Las nuevas tecnologías -incluida la IA generativa multimodal- transformarán el derecho tal como lo conocemos: automatización probatoria, análisis documental masivo, simulación de escenarios, predicción de riesgos, trazabilidad y verificación. Esto no vuelve innecesarios a los abogados; vuelve más necesaria su capacidad de pensar estratégicamente, resolver éticamente y comprender contextos humanos que ninguna máquina puede interpretar del todo.

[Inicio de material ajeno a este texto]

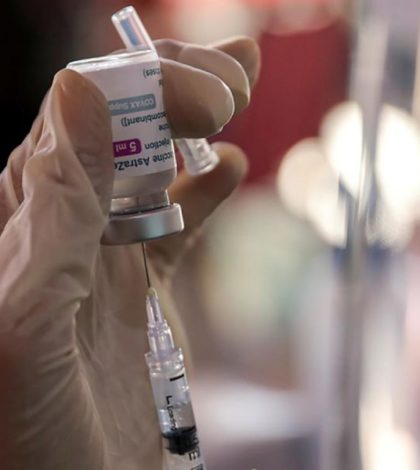 Mezclar dosis de vacuna Pfizer y AstraZeneca mejora respuesta inmune, según estudio
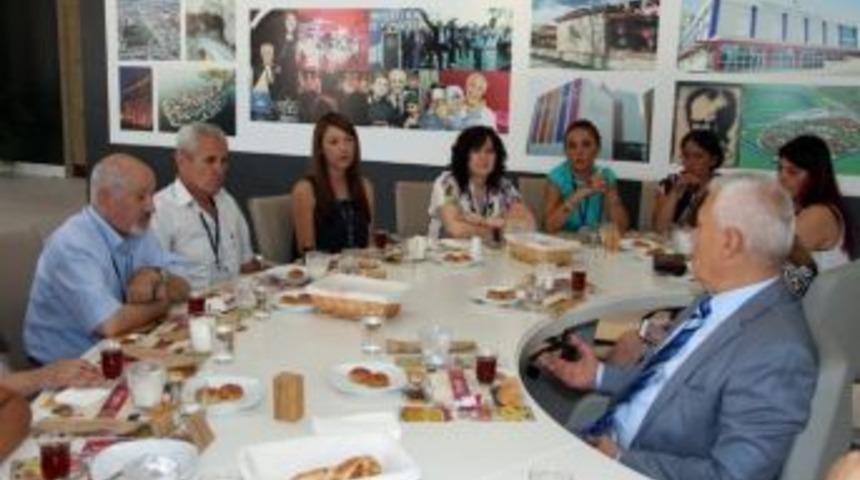 Bozbey&rsquo;den Ka&ccedil;ak Yapı Uyarısı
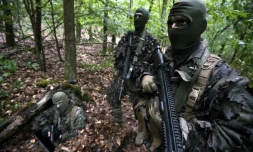 Des hussards du 2e Régiment de Haguenau en formation pour de futures missions de renseignement, le 5 juin 2016 dans les Vosges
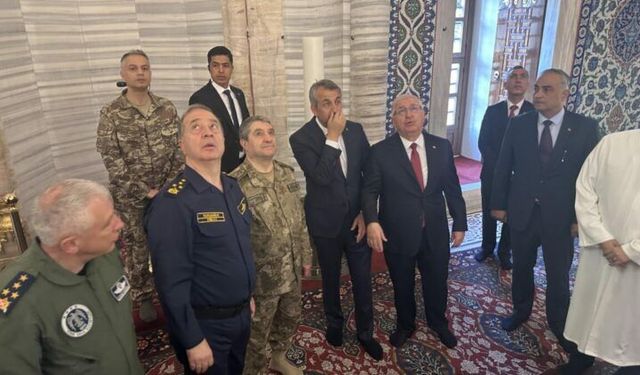 Bakan Yaşar Güler Bayram Namazını Selimiye Camisi’nde Kıldı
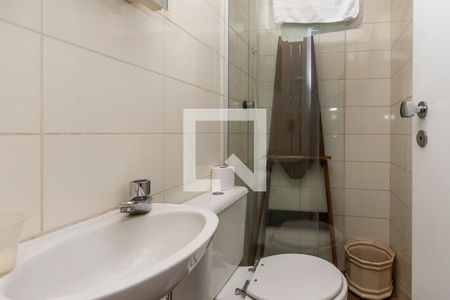 Apartamento à venda com 192m², 3 quartos e 4 vagasBanheiro de Serviço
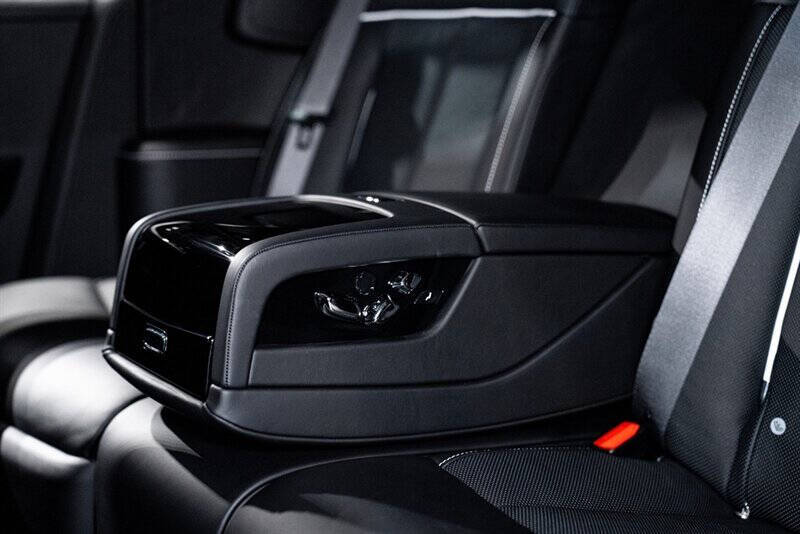 2024 Rolls-Royce Phantom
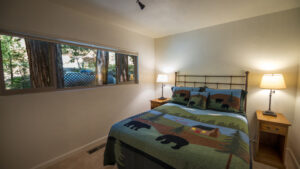 bedroom with queen bed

La verdadera pregunta no es si la IA nos hace más inteligentes o más tontos, sino si estamos dispuestos a asumir nuestra parte del trabajo intelectual. La herramienta está aquí para quedarse. Lo que hará con nosotros depende de cómo decidamos usarla. Y quizá la lección más importante es que no debemos estigmatizarla, sino integrarla: no para reemplazar al profesional, sino para impulsar su potencial. Porque, al final, la inteligencia artificial no compite con nosotros; simplemente revela quiénes deciden pensar y quiénes prefieren que piensen por ellos.

Al final, el verdadero dilema no está en la inteligencia artificial, sino en los seres humanos. Podemos dejarnos arrastrar por la comodidad y permitir que la IA nos rebase hasta sustituir profesiones enteras, o podemos aprender a insertarla inteligentemente en nuestras actividades para volvernos más efectivos, más eficientes y, sobre todo, más certeros. La diferencia entre ser desplazados o potenciados no la marcará la tecnología, sino la transición que construyamos: desde gobiernos capaces de regular sin frenar, instituciones educativas que formen con rigor y no con miedo, y, sobre todo, desde la responsabilidad personal de cada individuo para no abdicar de su propio pensamiento. La IA no llega a reemplazarnos; llega a revelarnos. Y la pregunta decisiva será quién se transforma con ella… y quién prefiere que piense por él.